- Record extracts:
——————

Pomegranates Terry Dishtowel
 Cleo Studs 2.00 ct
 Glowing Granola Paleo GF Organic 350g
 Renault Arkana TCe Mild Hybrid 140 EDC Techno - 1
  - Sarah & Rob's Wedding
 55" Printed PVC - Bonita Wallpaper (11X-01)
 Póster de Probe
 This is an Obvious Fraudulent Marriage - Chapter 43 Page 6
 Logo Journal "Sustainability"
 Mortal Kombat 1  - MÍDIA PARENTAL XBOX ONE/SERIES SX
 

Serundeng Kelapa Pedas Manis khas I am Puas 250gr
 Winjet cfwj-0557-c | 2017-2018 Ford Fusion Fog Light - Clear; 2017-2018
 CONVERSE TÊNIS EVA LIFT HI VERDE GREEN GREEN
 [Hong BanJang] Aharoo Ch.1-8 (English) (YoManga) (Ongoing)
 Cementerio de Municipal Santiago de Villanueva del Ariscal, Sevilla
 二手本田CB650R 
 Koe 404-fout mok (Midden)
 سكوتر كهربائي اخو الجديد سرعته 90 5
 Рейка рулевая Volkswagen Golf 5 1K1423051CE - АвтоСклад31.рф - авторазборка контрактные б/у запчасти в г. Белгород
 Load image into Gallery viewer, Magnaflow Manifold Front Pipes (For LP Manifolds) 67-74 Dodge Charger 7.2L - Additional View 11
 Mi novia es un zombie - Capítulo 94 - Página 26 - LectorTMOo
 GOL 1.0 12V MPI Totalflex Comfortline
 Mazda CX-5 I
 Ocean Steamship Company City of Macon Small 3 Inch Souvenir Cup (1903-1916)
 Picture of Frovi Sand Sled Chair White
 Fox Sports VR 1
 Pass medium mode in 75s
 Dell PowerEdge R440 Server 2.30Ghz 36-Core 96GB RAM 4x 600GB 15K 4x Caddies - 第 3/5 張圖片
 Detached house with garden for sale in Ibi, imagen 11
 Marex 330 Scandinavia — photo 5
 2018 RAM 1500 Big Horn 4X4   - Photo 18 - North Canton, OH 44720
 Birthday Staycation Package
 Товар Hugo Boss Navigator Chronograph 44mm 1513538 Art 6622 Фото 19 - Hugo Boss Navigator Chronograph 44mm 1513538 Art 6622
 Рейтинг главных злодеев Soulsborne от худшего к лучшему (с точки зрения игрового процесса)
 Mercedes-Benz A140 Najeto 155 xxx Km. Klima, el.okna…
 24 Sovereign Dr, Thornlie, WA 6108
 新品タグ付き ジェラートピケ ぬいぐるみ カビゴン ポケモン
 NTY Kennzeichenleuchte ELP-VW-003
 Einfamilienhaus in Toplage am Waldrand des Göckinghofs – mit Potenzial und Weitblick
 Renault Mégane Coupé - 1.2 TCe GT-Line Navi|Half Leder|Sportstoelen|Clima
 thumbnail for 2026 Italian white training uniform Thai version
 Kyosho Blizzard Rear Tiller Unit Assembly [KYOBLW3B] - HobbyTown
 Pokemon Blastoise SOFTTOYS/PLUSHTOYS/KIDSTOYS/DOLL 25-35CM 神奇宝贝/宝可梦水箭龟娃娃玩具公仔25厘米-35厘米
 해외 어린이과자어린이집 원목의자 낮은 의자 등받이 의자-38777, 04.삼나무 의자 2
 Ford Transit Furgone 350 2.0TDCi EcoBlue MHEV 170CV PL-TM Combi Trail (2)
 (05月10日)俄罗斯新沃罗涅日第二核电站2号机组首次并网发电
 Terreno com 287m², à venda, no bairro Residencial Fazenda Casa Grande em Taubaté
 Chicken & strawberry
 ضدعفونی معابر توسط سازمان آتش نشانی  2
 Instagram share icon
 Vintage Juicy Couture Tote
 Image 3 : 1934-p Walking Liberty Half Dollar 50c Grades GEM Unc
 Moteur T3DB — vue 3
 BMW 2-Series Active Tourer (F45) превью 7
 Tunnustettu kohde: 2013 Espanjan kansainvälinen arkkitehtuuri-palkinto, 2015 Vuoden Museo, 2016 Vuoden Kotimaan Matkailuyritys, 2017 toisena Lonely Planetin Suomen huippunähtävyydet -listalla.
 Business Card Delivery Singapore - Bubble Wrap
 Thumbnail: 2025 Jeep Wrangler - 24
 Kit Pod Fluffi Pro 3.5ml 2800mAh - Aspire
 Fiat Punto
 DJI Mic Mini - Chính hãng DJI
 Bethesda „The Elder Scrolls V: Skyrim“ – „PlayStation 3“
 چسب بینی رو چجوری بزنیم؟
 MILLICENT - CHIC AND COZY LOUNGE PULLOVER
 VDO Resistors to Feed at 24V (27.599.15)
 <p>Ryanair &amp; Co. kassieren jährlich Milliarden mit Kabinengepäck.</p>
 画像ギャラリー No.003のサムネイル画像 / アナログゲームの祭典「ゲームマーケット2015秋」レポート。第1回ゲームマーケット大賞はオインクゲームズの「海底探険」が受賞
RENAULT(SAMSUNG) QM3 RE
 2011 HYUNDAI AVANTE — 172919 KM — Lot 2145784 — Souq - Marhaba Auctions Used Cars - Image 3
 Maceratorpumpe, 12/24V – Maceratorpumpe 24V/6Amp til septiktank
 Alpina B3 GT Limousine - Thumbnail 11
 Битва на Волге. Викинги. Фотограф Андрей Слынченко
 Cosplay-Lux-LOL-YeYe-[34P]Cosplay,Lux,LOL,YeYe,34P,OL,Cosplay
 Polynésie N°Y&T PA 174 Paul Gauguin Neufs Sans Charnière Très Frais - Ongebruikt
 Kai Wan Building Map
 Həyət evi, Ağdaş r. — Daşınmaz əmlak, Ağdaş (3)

——————

- Problem requirements:
Transcribe the full listing exactly, omitting nothing.

- Output:
Pomegranates Terry Dishtowel
 Cleo Studs 2.00 ct
 Glowing Granola Paleo GF Organic 350g
 Renault Arkana TCe Mild Hybrid 140 EDC Techno - 1
  - Sarah & Rob's Wedding
 55" Printed PVC - Bonita Wallpaper (11X-01)
 Póster de Probe
 This is an Obvious Fraudulent Marriage - Chapter 43 Page 6
 Logo Journal "Sustainability"
 Mortal Kombat 1  - MÍDIA PARENTAL XBOX ONE/SERIES SX
 

Serundeng Kelapa Pedas Manis khas I am Puas 250gr
 Winjet cfwj-0557-c | 2017-2018 Ford Fusion Fog Light - Clear; 2017-2018
 CONVERSE TÊNIS EVA LIFT HI VERDE GREEN GREEN
 [Hong BanJang] Aharoo Ch.1-8 (English) (YoManga) (Ongoing)
 Cementerio de Municipal Santiago de Villanueva del Ariscal, Sevilla
 二手本田CB650R 
 Koe 404-fout mok (Midden)
 سكوتر كهربائي اخو الجديد سرعته 90 5
 Рейка рулевая Volkswagen Golf 5 1K1423051CE - АвтоСклад31.рф - авторазборка контрактные б/у запчасти в г. Белгород
 Load image into Gallery viewer, Magnaflow Manifold Front Pipes (For LP Manifolds) 67-74 Dodge Charger 7.2L - Additional View 11
 Mi novia es un zombie - Capítulo 94 - Página 26 - LectorTMOo
 GOL 1.0 12V MPI Totalflex Comfortline
 Mazda CX-5 I
 Ocean Steamship Company City of Macon Small 3 Inch Souvenir Cup (1903-1916)
 Picture of Frovi Sand Sled Chair White
 Fox Sports VR 1
 Pass medium mode in 75s
 Dell PowerEdge R440 Server 2.30Ghz 36-Core 96GB RAM 4x 600GB 15K 4x Caddies - 第 3/5 張圖片
 Detached house with garden for sale in Ibi, imagen 11
 Marex 330 Scandinavia — photo 5
 2018 RAM 1500 Big Horn 4X4   - Photo 18 - North Canton, OH 44720
 Birthday Staycation Package
 Товар Hugo Boss Navigator Chronograph 44mm 1513538 Art 6622 Фото 19 - Hugo Boss Navigator Chronograph 44mm 1513538 Art 6622
 Рейтинг главных злодеев Soulsborne от худшего к лучшему (с точки зрения игрового процесса)
 Mercedes-Benz A140 Najeto 155 xxx Km. Klima, el.okna…
 24 Sovereign Dr, Thornlie, WA 6108
 新品タグ付き ジェラートピケ ぬいぐるみ カビゴン ポケモン
 NTY Kennzeichenleuchte ELP-VW-003
 Einfamilienhaus in Toplage am Waldrand des Göckinghofs – mit Potenzial und Weitblick
 Renault Mégane Coupé - 1.2 TCe GT-Line Navi|Half Leder|Sportstoelen|Clima
 thumbnail for 2026 Italian white training uniform Thai version
 Kyosho Blizzard Rear Tiller Unit Assembly [KYOBLW3B] - HobbyTown
 Pokemon Blastoise SOFTTOYS/PLUSHTOYS/KIDSTOYS/DOLL 25-35CM 神奇宝贝/宝可梦水箭龟娃娃玩具公仔25厘米-35厘米
 해외 어린이과자어린이집 원목의자 낮은 의자 등받이 의자-38777, 04.삼나무 의자 2
 Ford Transit Furgone 350 2.0TDCi EcoBlue MHEV 170CV PL-TM Combi Trail (2)
 (05月10日)俄罗斯新沃罗涅日第二核电站2号机组首次并网发电
 Terreno com 287m², à venda, no bairro Residencial Fazenda Casa Grande em Taubaté
 Chicken & strawberry
 ضدعفونی معابر توسط سازمان آتش نشانی  2
 Instagram share icon
 Vintage Juicy Couture Tote
 Image 3 : 1934-p Walking Liberty Half Dollar 50c Grades GEM Unc
 Moteur T3DB — vue 3
 BMW 2-Series Active Tourer (F45) превью 7
 Tunnustettu kohde: 2013 Espanjan kansainvälinen arkkitehtuuri-palkinto, 2015 Vuoden Museo, 2016 Vuoden Kotimaan Matkailuyritys, 2017 toisena Lonely Planetin Suomen huippunähtävyydet -listalla.
 Business Card Delivery Singapore - Bubble Wrap
 Thumbnail: 2025 Jeep Wrangler - 24
 Kit Pod Fluffi Pro 3.5ml 2800mAh - Aspire
 Fiat Punto
 DJI Mic Mini - Chính hãng DJI
 Bethesda „The Elder Scrolls V: Skyrim“ – „PlayStation 3“
 چسب بینی رو چجوری بزنیم؟
 MILLICENT - CHIC AND COZY LOUNGE PULLOVER
 VDO Resistors to Feed at 24V (27.599.15)
 <p>Ryanair &amp; Co. kassieren jährlich Milliarden mit Kabinengepäck.</p>
 画像ギャラリー No.003のサムネイル画像 / アナログゲームの祭典「ゲームマーケット2015秋」レポート。第1回ゲームマーケット大賞はオインクゲームズの「海底探険」が受賞
RENAULT(SAMSUNG) QM3 RE
 2011 HYUNDAI AVANTE — 172919 KM — Lot 2145784 — Souq - Marhaba Auctions Used Cars - Image 3
 Maceratorpumpe, 12/24V – Maceratorpumpe 24V/6Amp til septiktank
 Alpina B3 GT Limousine - Thumbnail 11
 Битва на Волге. Викинги. Фотограф Андрей Слынченко
 Cosplay-Lux-LOL-YeYe-[34P]Cosplay,Lux,LOL,YeYe,34P,OL,Cosplay
 Polynésie N°Y&T PA 174 Paul Gauguin Neufs Sans Charnière Très Frais - Ongebruikt
 Kai Wan Building Map
 Həyət evi, Ağdaş r. — Daşınmaz əmlak, Ağdaş (3)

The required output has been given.